Minister of Works,Services, And Transportation
- In office May 5, 1989 – March 14, 1996
- Preceded by: Office Established
- Succeeded by: John Efford

MHA for Burgeo-Bay d'Espoir
- In office 1985–1996
- Preceded by: Harold Andrews

Personal details
- Born: March 31, 1935 Haystack, Dominion of Newfoundland
- Died: July 1, 2019 (aged 84) St. John's, Newfoundland and Labrador
- Party: Liberal Party of Newfoundland and Labrador
- Spouse: Ann Murphy

= Dave Gilbert (politician) =

Canadian politician (1935–2019)

David S. Gilbert (March 31, 1935 – July 1, 2019) was a politician in Newfoundland and Labrador. He represented Burgeo-Bay d'Espoir in the Newfoundland House of Assembly from 1985 to 1995.

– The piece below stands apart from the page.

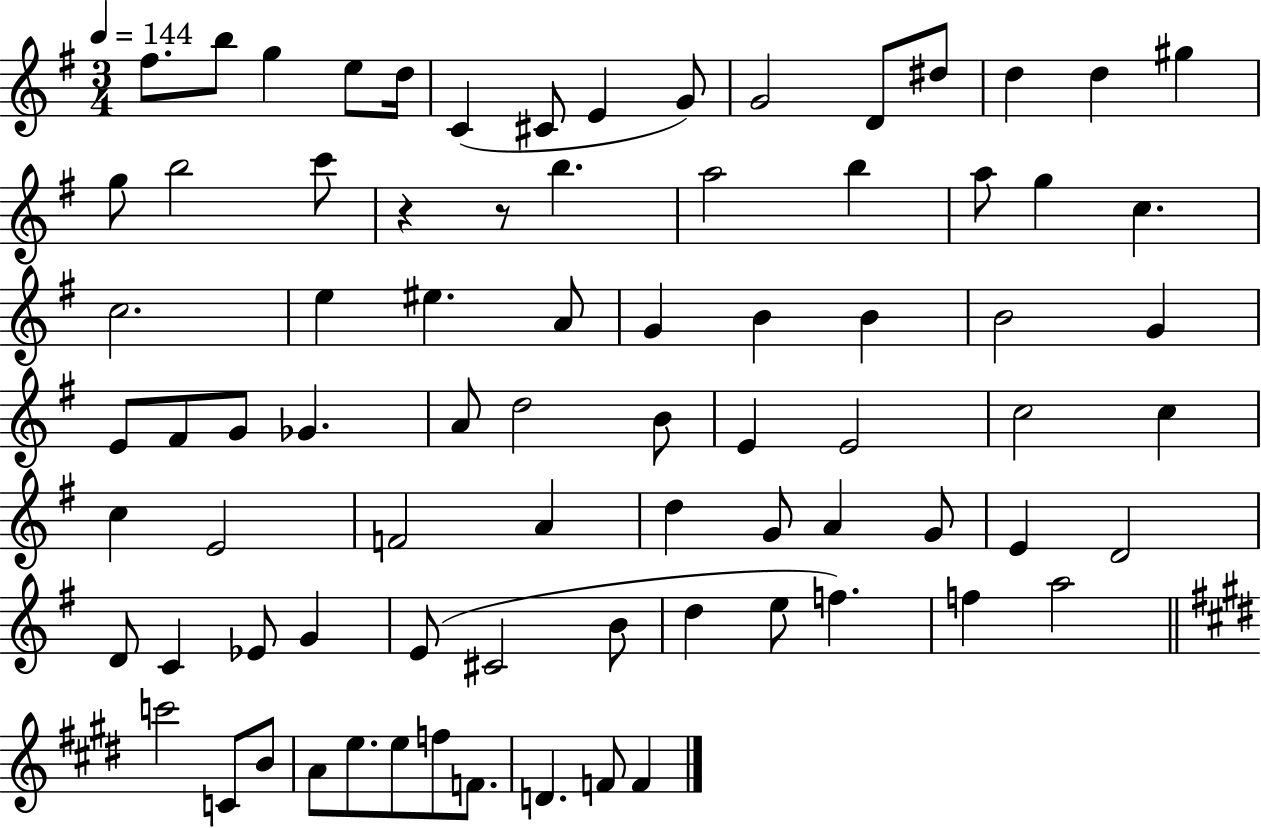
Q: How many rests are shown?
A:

The son of John William Gilbert, he was born in Haystack and was educated at Memorial University. Gilbert took part in the Regular Officer Training Plan of the Royal Canadian Navy. He later worked for the International Acceptance Corporation and also operated a Ford dealership. Gilbert served on the town council for Grand Falls.

He was elected to the Newfoundland assembly in 1985. Gilbert served in the provincial cabinet as Minister of Works, Services and Transportation. He died on July 1, 2019, at the age of 84.